I was taught by my parents that of course it did not matter who you fell in love with. I can remember as a child hearing nursery rhymes about falling in love with different groups of people. That is the kind of family I grew up in, and I feel very proud to have had parents who introduced those concepts. My sister is a happily married heterosexual, and she had those songs sung to her as well when she was young. They did not make me gay, but they made me feel comfortable with who I was. Let us be honest, however. Parents are loving, but there is no qualification to be a parent. There are some good parents and some bad parents. My mother is a linguist and an English teacher, but she knows absolutely nothing about physics or maths—she dropped out of science at GCSE—and if I had been taught science by my mother, I would not have been able to go on to do my physics and chemistry A-levels, as I did. We understand that parents are the primary lovers of their children, but they are not always the best people to give them a holistic, rounded education, because they have not experienced all the different elements and aspects of the world.

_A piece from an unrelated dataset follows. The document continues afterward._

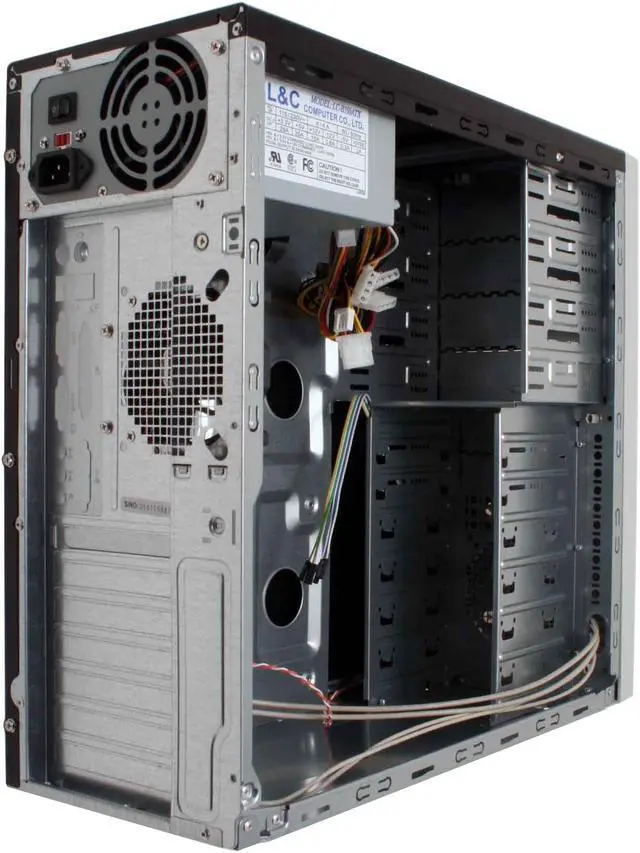 Alt view image 8 of 12 - Athenatech A4202BG.X350 Black/Gray Steel ATX Mid Tower Computer Case 350W Power Supply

People in positions of responsibility, whether they are teachers or Members of Parliament, have a responsibility in these debates to show leadership. It was the Labour Government between 1997 and 2010 who showed leadership. If we had followed the mob and listened to what the opinion polls were saying at the time, it is unlikely that we would have made much progress at all on LGBT rights. We would not have made progress on abolishing section 28, for example, because Brian Souter was busy ploughing money in to garner public opinion in one way. We as politicians have to recognise that public opinion can be whipped up by dangerous forces, and we have a moral responsibility to sometimes make a judgment, not on whether there has been consultation—that was a totally vacuous argument that had no content to it—but on the content of the objections, in order to analyse and review them. That is something that Mr Godsiff has failed to do in this debate even once. Not once did he articulate the problems with the content of the curriculum.